Recorded data START

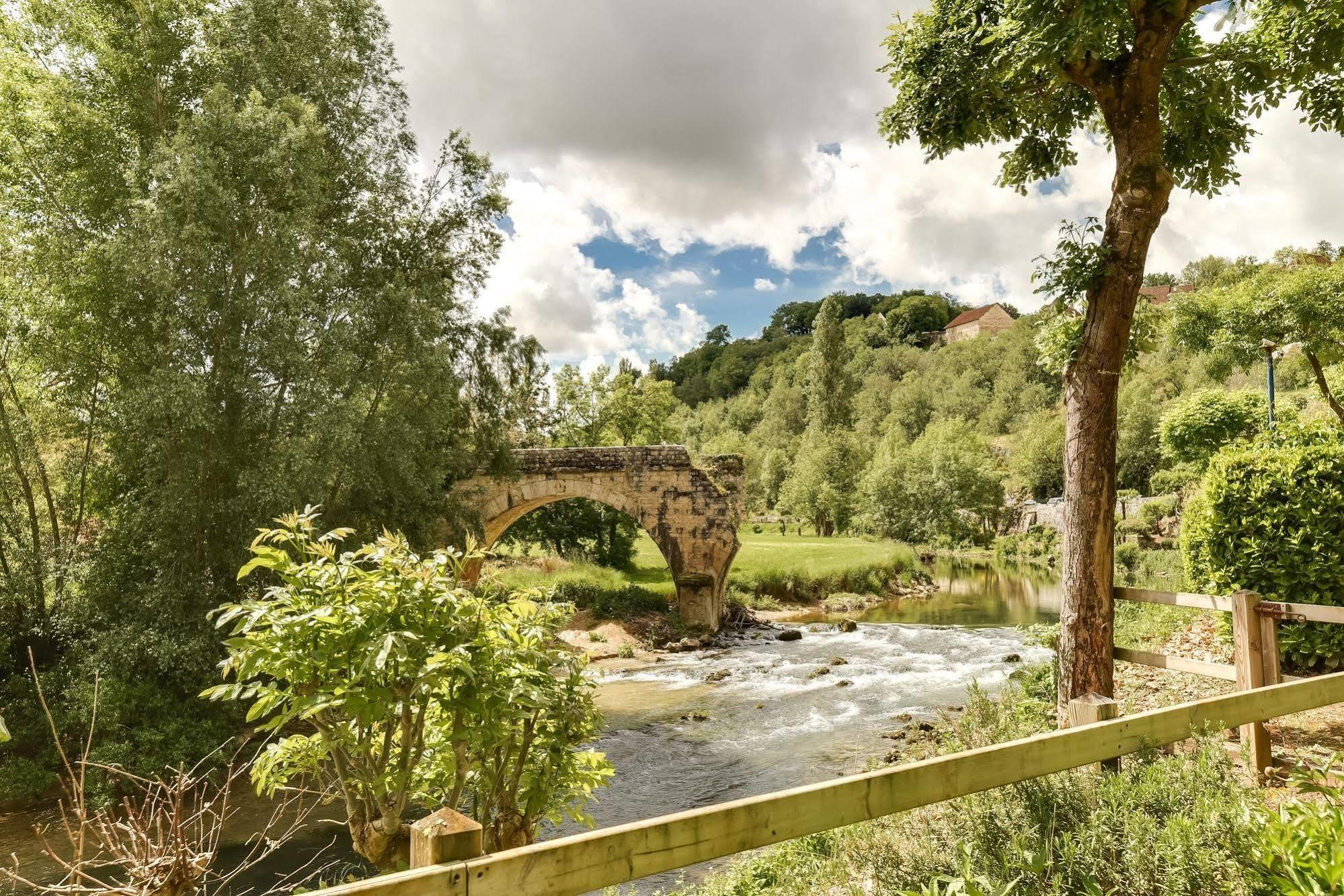 Le Pont De L'Ouysse Hotel Lacave  Екстериор снимка
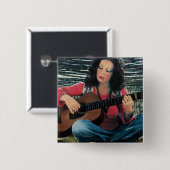 Frauen spielen Musik mit akustischer Gitarre Button (Vorne & Hinten)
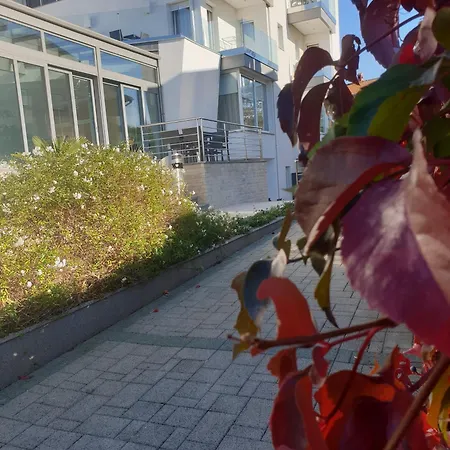 阿德里翁公寓式酒店
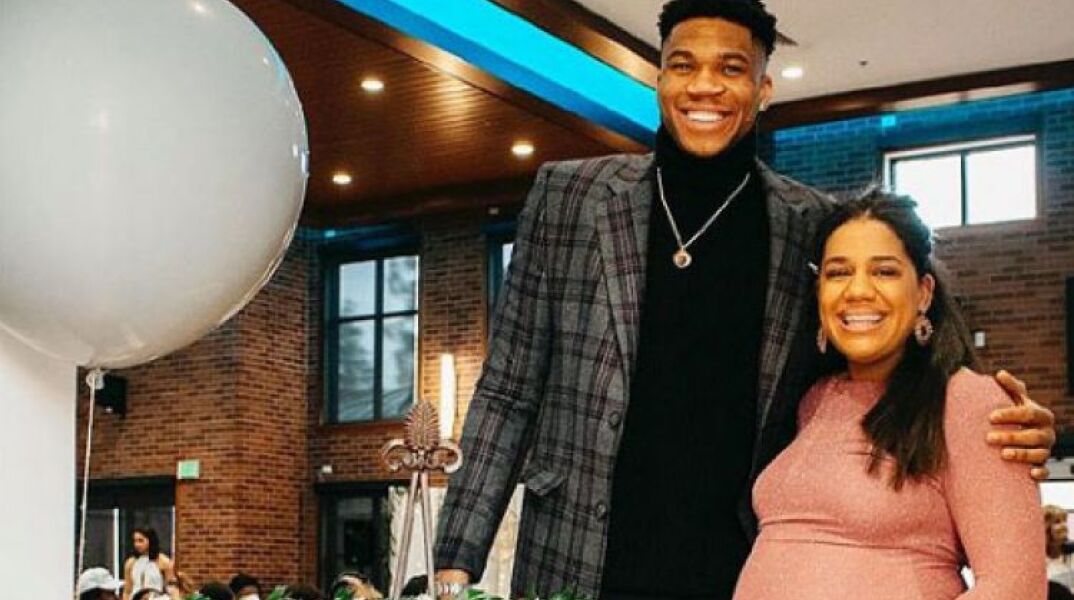 Σε απόγνωση ο Γιάννης από το ασταμάτητο κλάμα του μωρού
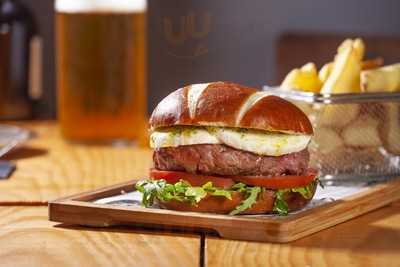 Pointer Food, Drinks & Friends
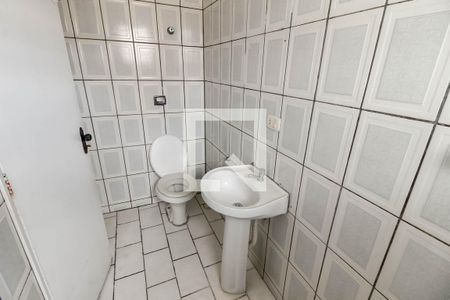 Banheiro de apartamento para alugar com 1 quarto, 46m² em Jardim Virginia, Taboão da Serra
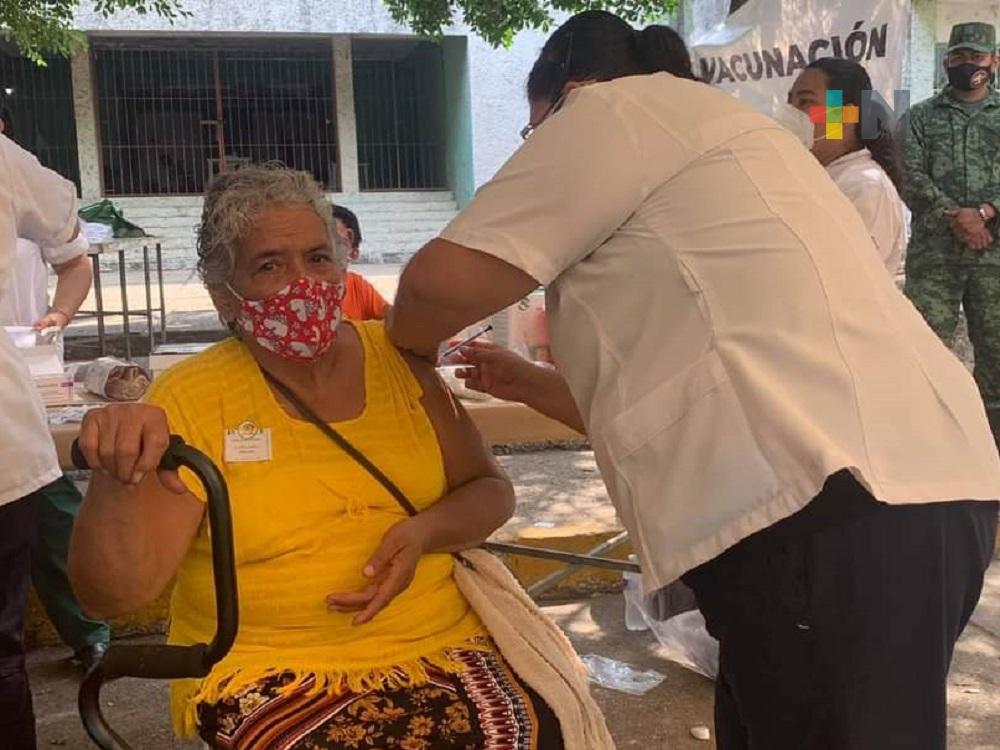 70% de la población adulta vacunada contra COVID-19 tiene esquema completo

Recorded data END

_To do_
Write out exactly the stretch of lines that begins with the line containing "Σε απόγνωση ο" and ends with the last line of the records above, leaving out the pictures.

_The completed task_
 Σε απόγνωση ο Γιάννης από το ασταμάτητο κλάμα του μωρού
 Pointer Food, Drinks & Friends
 Banheiro de apartamento para alugar com 1 quarto, 46m² em Jardim Virginia, Taboão da Serra
 70% de la población adulta vacunada contra COVID-19 tiene esquema completo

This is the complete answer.